FIWARE R & D Projects: Cyclops

Automated end-to-end data life cycle management for FAIR data integration, processing and re-use.

Description

The ability to integrate data from multiple sources is nowadays a major competitive advantage for organizations. Data-driven applications using AI techniques are reshaping various industries such as manufacturing, tourism, and mobility. The European Strategy for Data aims to create a single market for data while ensuring Europe's global competitiveness and data sovereignty. This has led to the development of Common European data spaces, yet the governance of the data life cycle in organizations has not kept up with the rapid technology evolution and remains largely manual.

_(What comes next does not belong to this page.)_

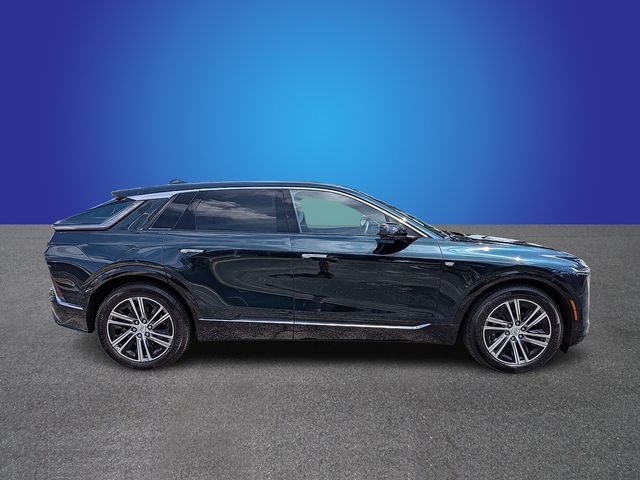 Certified 2024 Cadillac Lyriq Luxury AWD/4WD image 6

This Is especially evident in scenarios where tens or hundreds of continuously evolving data sources produce semi-structured data, and create significant challenges when governed manually, causing organizations to end up with data silos. A systematic and standardized mechanism is needed to ingest, integrate, and process data, thus boosting the ability to develop new data- centric business models. However, current research and development efforts typically target one aspect of the end-to-end data lifecycle, such as scalable data management, ML performance, AI explainability, or sharing, while dismissing its governance.

Objective

To overcome this limitation, CyclOps proposes a new framework for the governance and maintenance of the complete data lifecycle for large-scale volumes of data generated in heterogeneous distributed sources to enable data sharing and exchange. CyclOps intelligently automates, by means of knowledge graphs (KGs) and with a human-in-the-loop approach, the generation and execution of data processing pipelines. KGs are the established formal models to represent data and metadata while providing context and guaranteeing interoperability with other systems adhering to the FAIR Guiding Principles. CyclOps will enable organizations to seamlessly provide, cross and analyze machine- and human-generated data from and for data spaces, thus facilitating the provision of added-value services on top.